== Records supplied

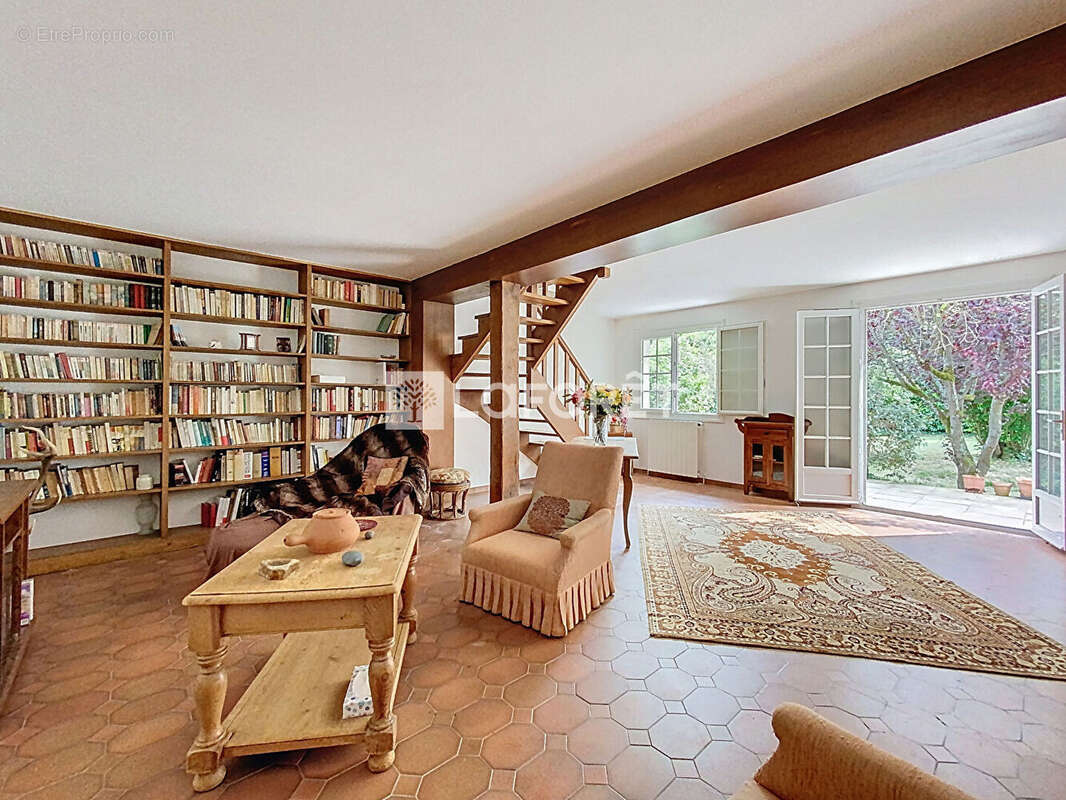 Maison à VERNEUIL-SUR-SEINE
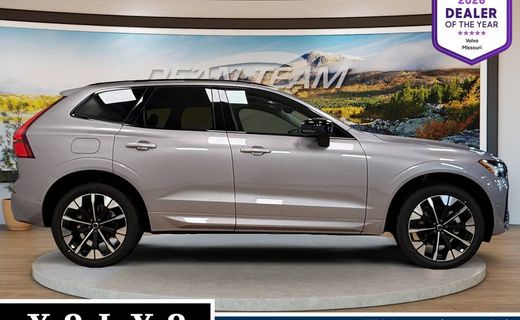 2026 Volvo XC60 Plus Dark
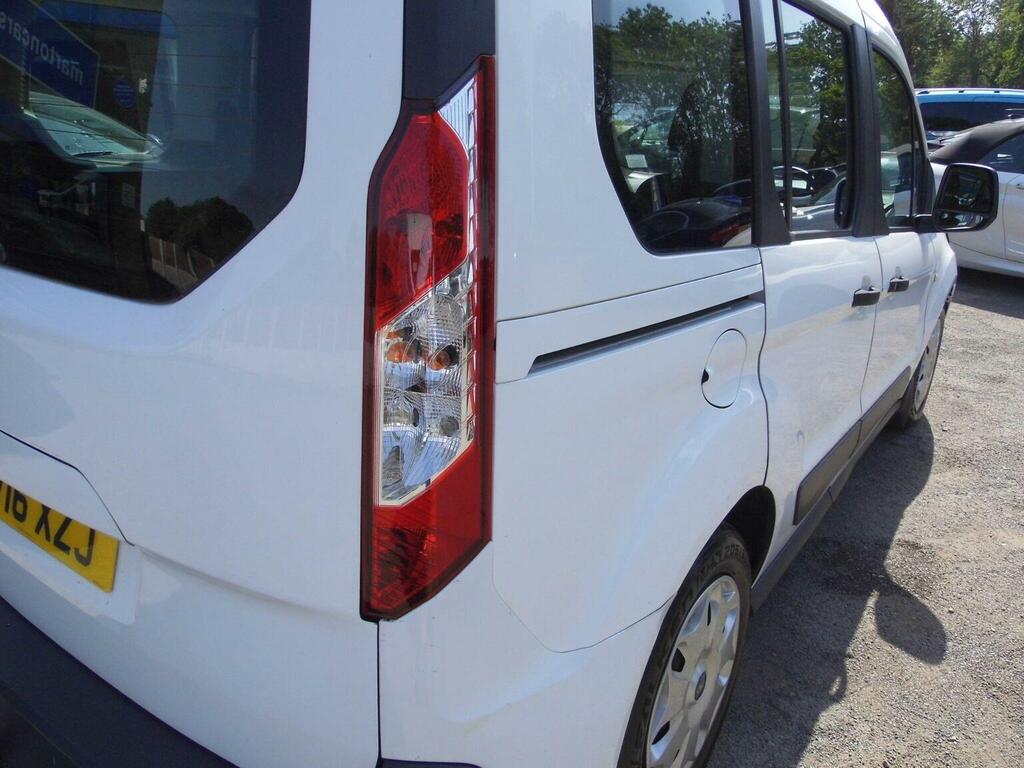 Ford Tourneo Connect Titanium Black #11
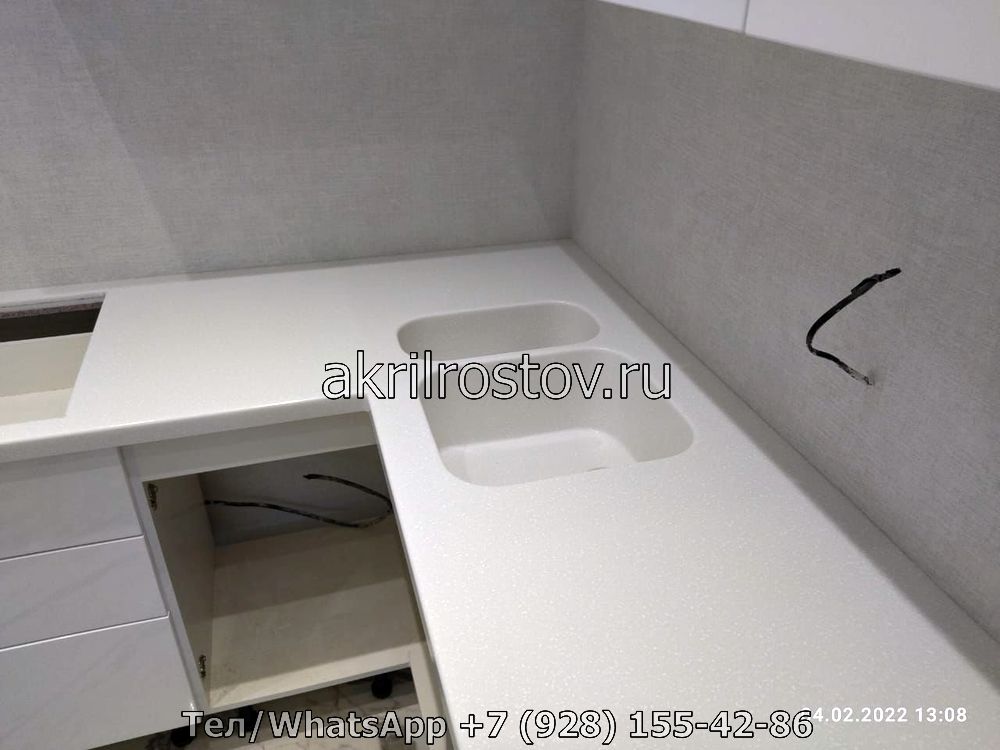 Изготовление акриловой столешницы с встроенной раковиной под заказ Эксклюзивная белая столешница из акрила с интегрированной мойкой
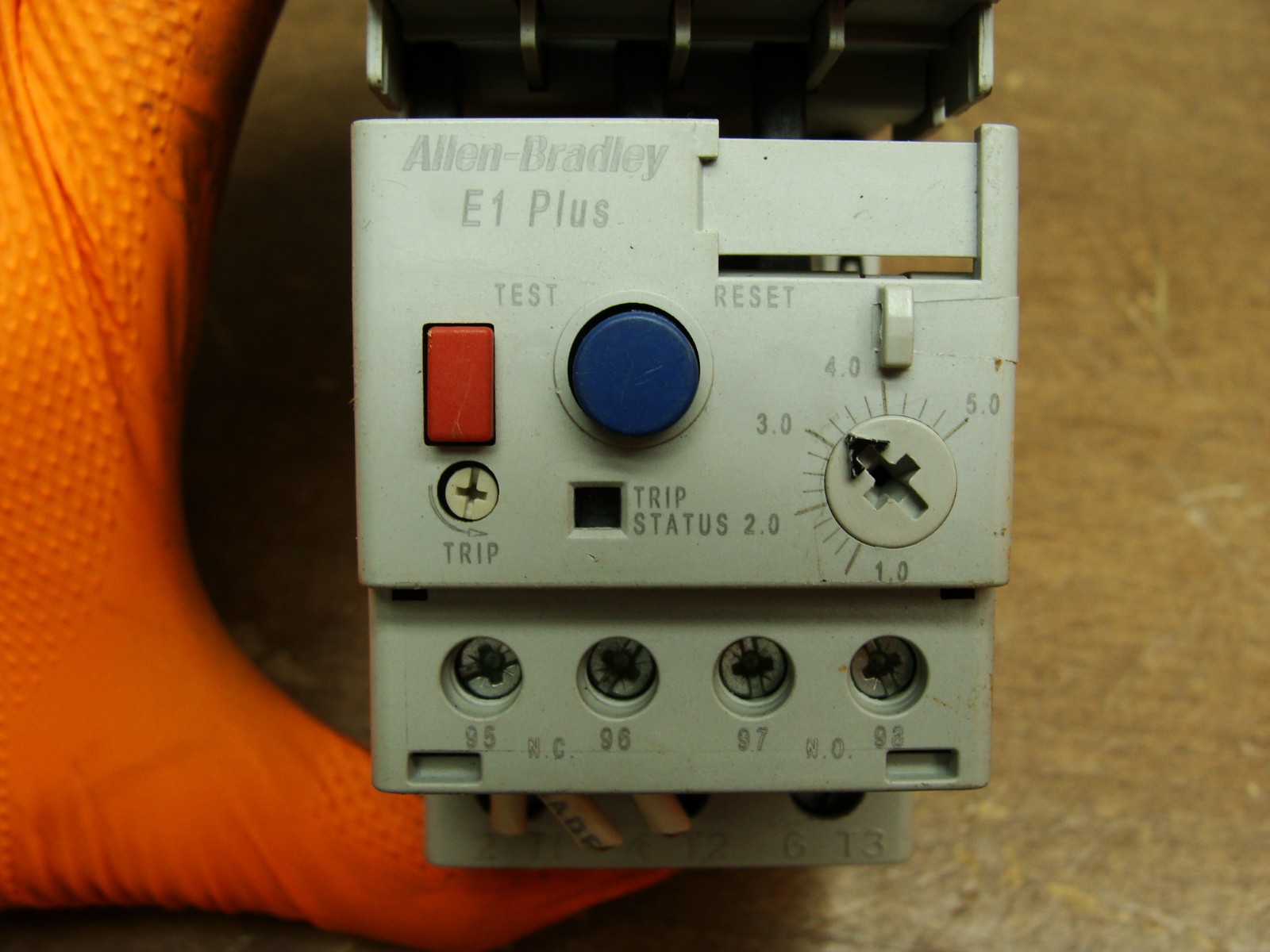 ALLEN BRADLEY 100-C09*10 SER A CONTACTOR W/193-ED1CB SER C OVERLOAD RELAY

====

● **The task**
Please transcribe the listing above verbatim and exclude every picture.

● **Output of the exercise**
 Maison à VERNEUIL-SUR-SEINE
 2026 Volvo XC60 Plus Dark
 Ford Tourneo Connect Titanium Black #11
 Изготовление акриловой столешницы с встроенной раковиной под заказ Эксклюзивная белая столешница из акрила с интегрированной мойкой
 ALLEN BRADLEY 100-C09*10 SER A CONTACTOR W/193-ED1CB SER C OVERLOAD RELAY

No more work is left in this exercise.